#### [WHAT TO WORK ON]
Since the pictures are not wanted, reproduce only the rest of the records, exactly as given.

#### EXCERPTED DATA ####

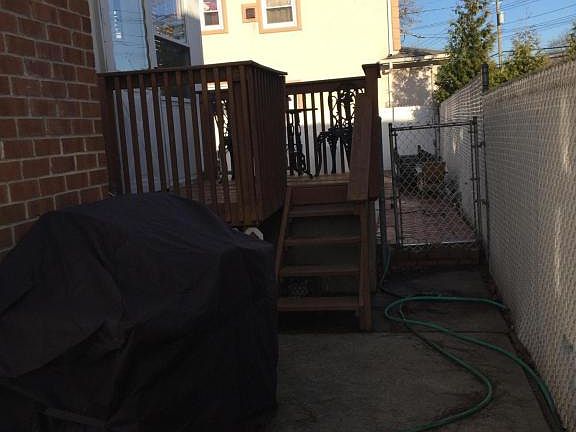 5th image of 13 Harvey Ave
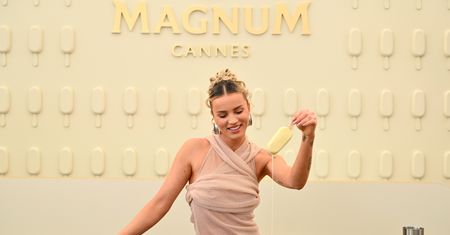 Magnum kolejny raz rozgrzewa publikę w Cannes! #CrackIntoPleasure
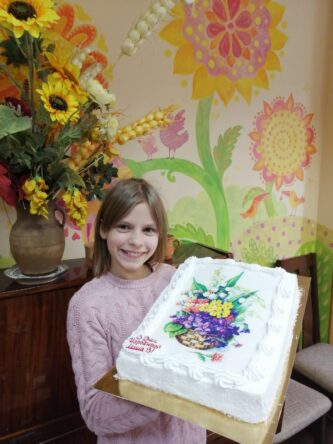 Большой торт для девочки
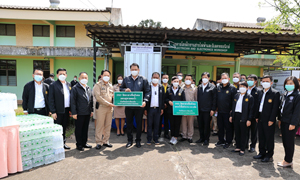 รมว.สุชาติ ลงพื้นที่ปั้นผู้ประกอบการต่อยอดธุรกิจสมัยใหม่ พบปะให้กำลังใจอาสาสมัครแรงงาน พร้อมมอบสุขาลอยน้ำช่วยเหลือผู้ประสบอุทกภัยจังหวัดชุมพร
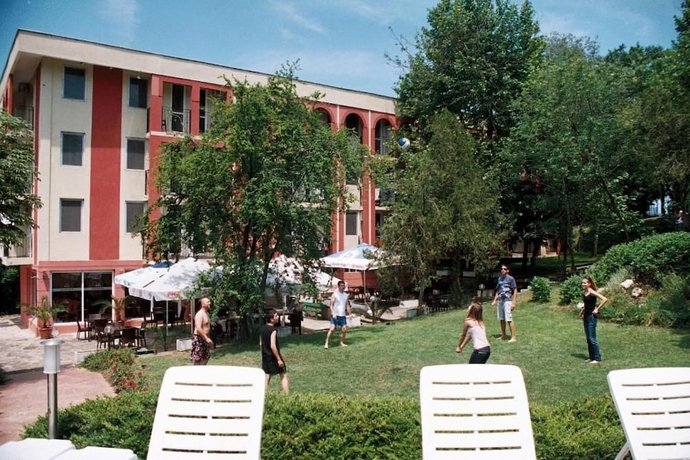 Imagen de los exteriores del Hotel Rilena. Foto 12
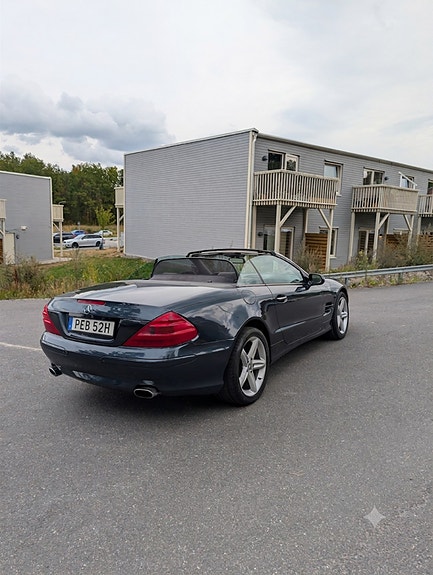 Mercedes-Benz SL350 2 of 9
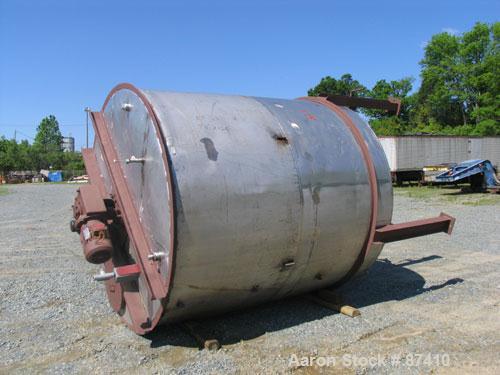 USED: Tank, 2650 gallon, 316 stainless steel. 7'4" diameter x 8'2" straight side, flat top with manway, cone bottom, internal atmospheric, with 5 hp Philadelphia top mount agitator, 2" diameter shaft...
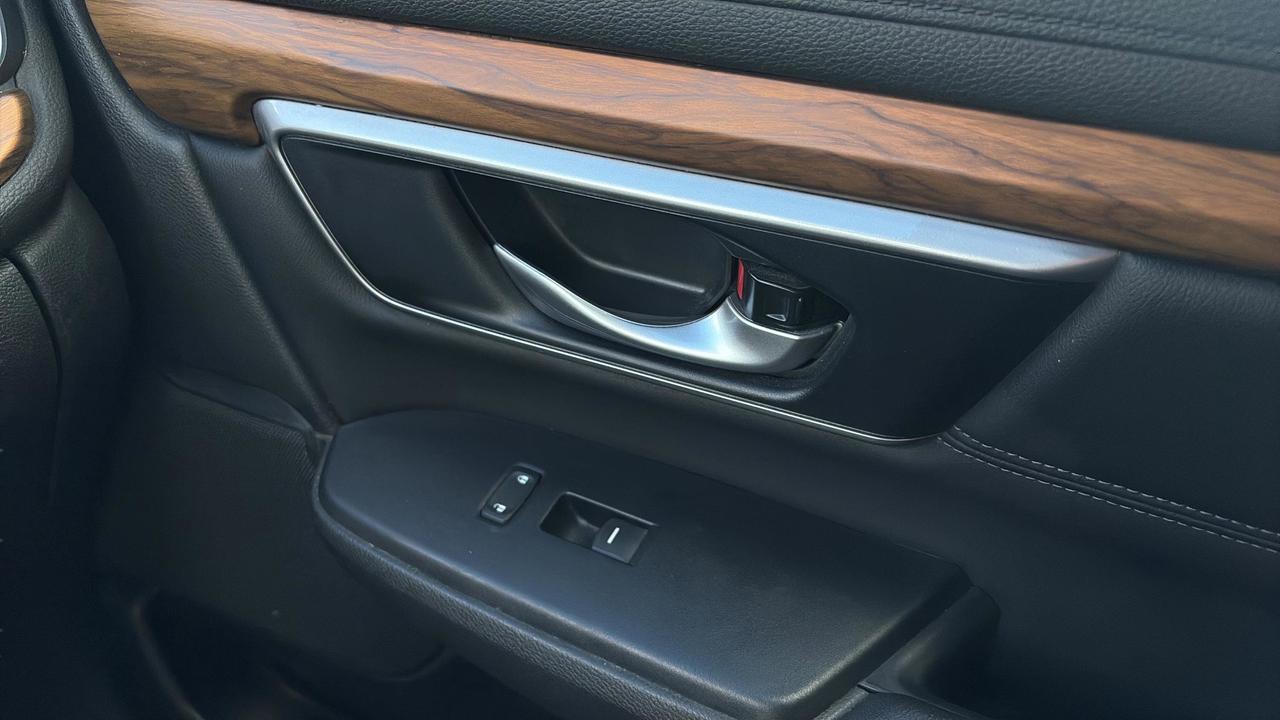 2019 Honda CR-V Touring AWD Photo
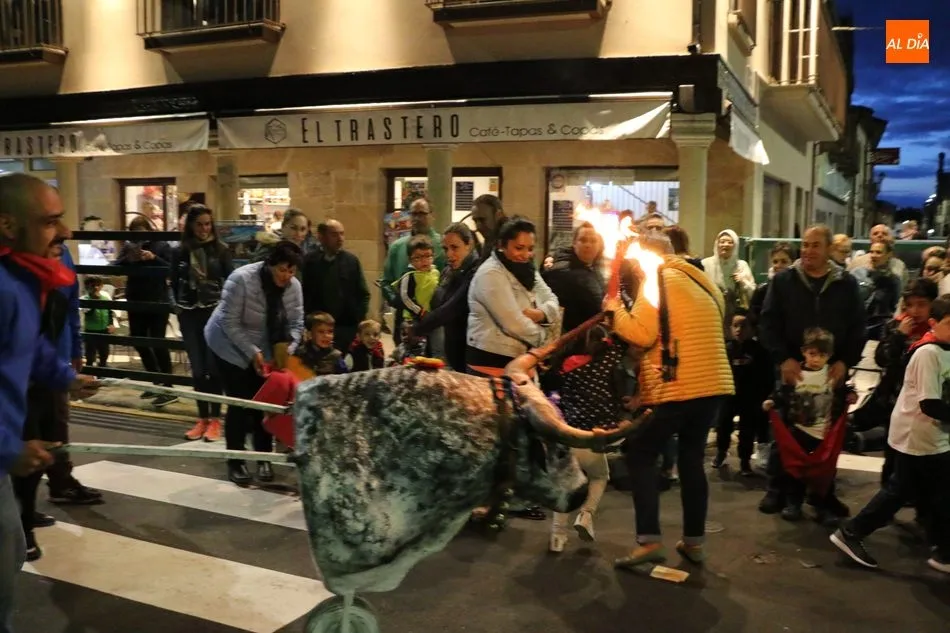Foto 6 - La Asociaci&oacute;n Taurina Villa de Vitigudino llena las calles de algarab&iacute;a con el I Toro de Caj&oacute;n...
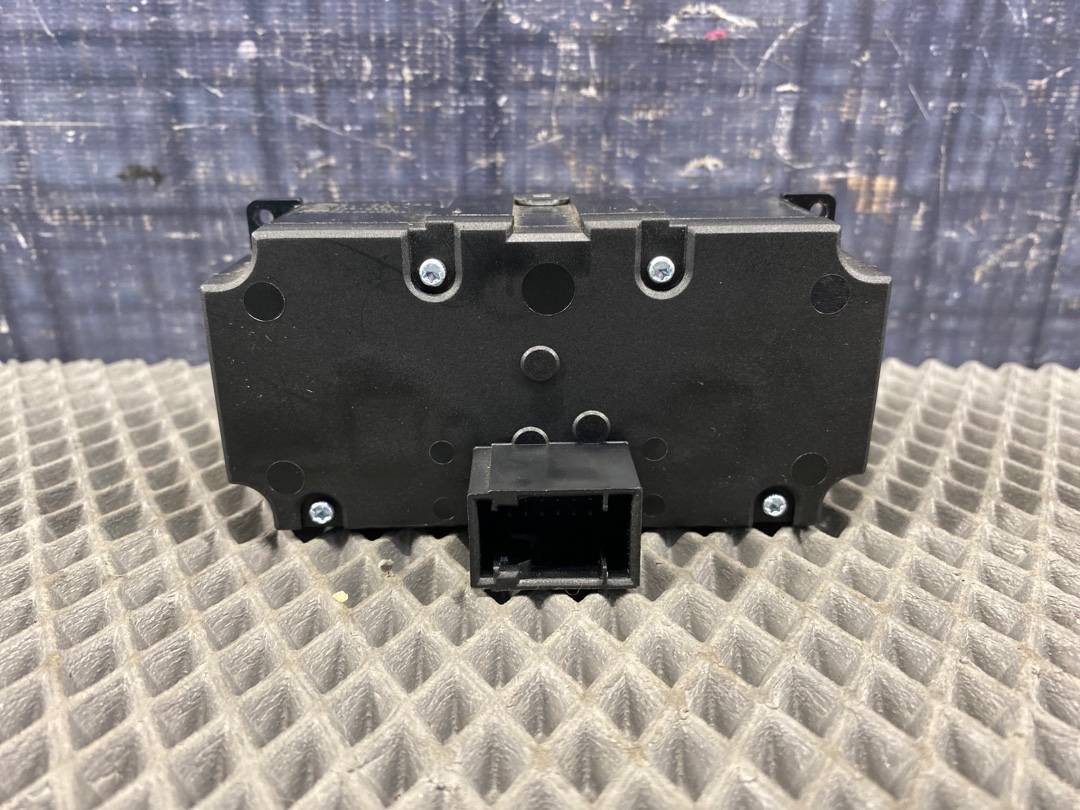 Переключатель света, 1200 рублей, Красноярск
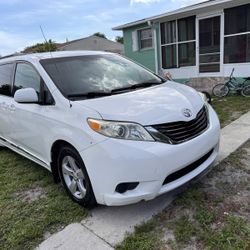 2011 Toyota Sienna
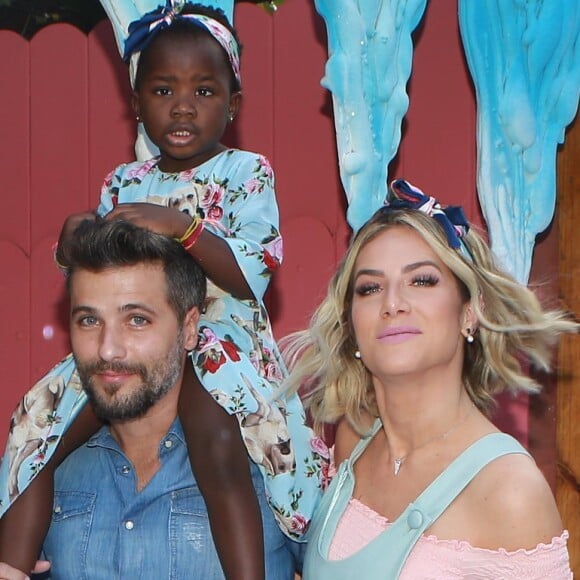 Giovanna Ewbank se disse 'chata' na alimentação da filha, Títi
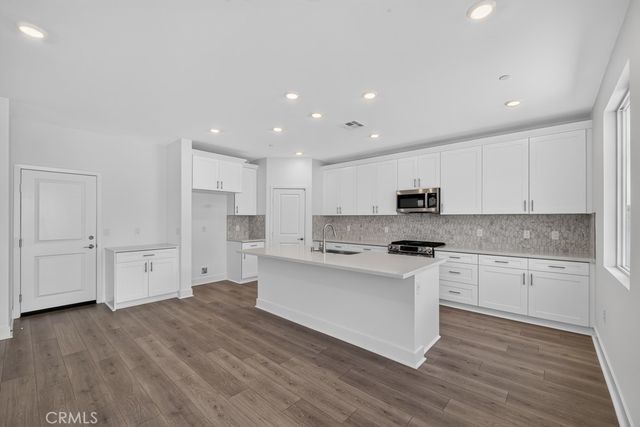 33340 Rusty Court, French Valley, CA 92596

####

#### [TASK RESULT]
 5th image of 13 Harvey Ave
 Magnum kolejny raz rozgrzewa publikę w Cannes! #CrackIntoPleasure
 Большой торт для девочки
 รมว.สุชาติ ลงพื้นที่ปั้นผู้ประกอบการต่อยอดธุรกิจสมัยใหม่ พบปะให้กำลังใจอาสาสมัครแรงงาน พร้อมมอบสุขาลอยน้ำช่วยเหลือผู้ประสบอุทกภัยจังหวัดชุมพร
 Imagen de los exteriores del Hotel Rilena. Foto 12
 Mercedes-Benz SL350 2 of 9
 USED: Tank, 2650 gallon, 316 stainless steel. 7'4" diameter x 8'2" straight side, flat top with manway, cone bottom, internal atmospheric, with 5 hp Philadelphia top mount agitator, 2" diameter shaft...
 2019 Honda CR-V Touring AWD Photo
Foto 6 - La Asociaci&oacute;n Taurina Villa de Vitigudino llena las calles de algarab&iacute;a con el I Toro de Caj&oacute;n...
 Переключатель света, 1200 рублей, Красноярск
 2011 Toyota Sienna
 Giovanna Ewbank se disse 'chata' na alimentação da filha, Títi
 33340 Rusty Court, French Valley, CA 92596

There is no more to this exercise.